Los costarricenses se constituyeron en el cuadro más goleador del torneo juvenil con 20 anotaciones en cinco juegos, para un promedio de 4,0 por juego.
Con el control del juego llegó el 1 a 0, a los 36. Warren Granados, su motor, sirvió un balón tras un rebote del arquero catracho Maximiliano Padilla, para que Parks abriera el marcador.
A los 77, el delantero del equipo Limonense aprovechó una confusión de la defensa rival para empujar el balón al fondo de los mecates.
El gol que cerró el triunfo 3 a 0 cayó a los 86 minutos y resultó un premio para Granados. El hábil volante, en jugada individual, ingresó por la derecha y encaró al arquero, para cruzarle abajo al palo contrario. Un golazo.

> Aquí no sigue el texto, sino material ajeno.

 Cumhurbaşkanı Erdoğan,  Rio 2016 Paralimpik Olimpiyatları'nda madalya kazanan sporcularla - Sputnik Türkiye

Honduras se llevó con decepción el segundo lugar, porque los aficionados esperaban un mayor poder futbolístico, pero nunca ofreció un juego brillante.
Con el triunfo los ticos avanzaron a la segunda ronda eliminatoria, la que se jugará en Trinidad y Tobago, en marzo del 2001, mientras que los catrachos irán al cuadrangular que se efectuará en Canadá.
Watson comedido
En los camerinos, el estratega tico, Carlos Watson, manifestó su alegría y de paso felicitó a los protagonistas del triunfo, pero agregó que hay que estar tranquilos y comedidos por el título.
"Ellos salieron con garra a la cancha y lograron hacer tres goles fabulosos. Sin exagerar, hicimos un buen trabajo y un partido casi perfecto", aseguró el técnico.
"Nosotros sabíamos que había que caminar muy despacio y olvidar la cargar del favoritismo. Jugar con humildad es la clave. Apenas hemos dado un paso, ahora viene un compromiso más serio en Trinidad", sostuvo.
Watson admitió que el grupo a su cargo cometió "un montón" de errores en el certamen, que prometió revisar en el futuro.
Por su lado, el estratega catracho, Marco Antonio Calderón, reconoció la superioridad tica y lamentó que no pudieran ganar la final, aunque el resultado no influyó, porque ya están en la otra fase del torneo.
(*) Aurelio Martínez es periodista de El Universal (Panamá).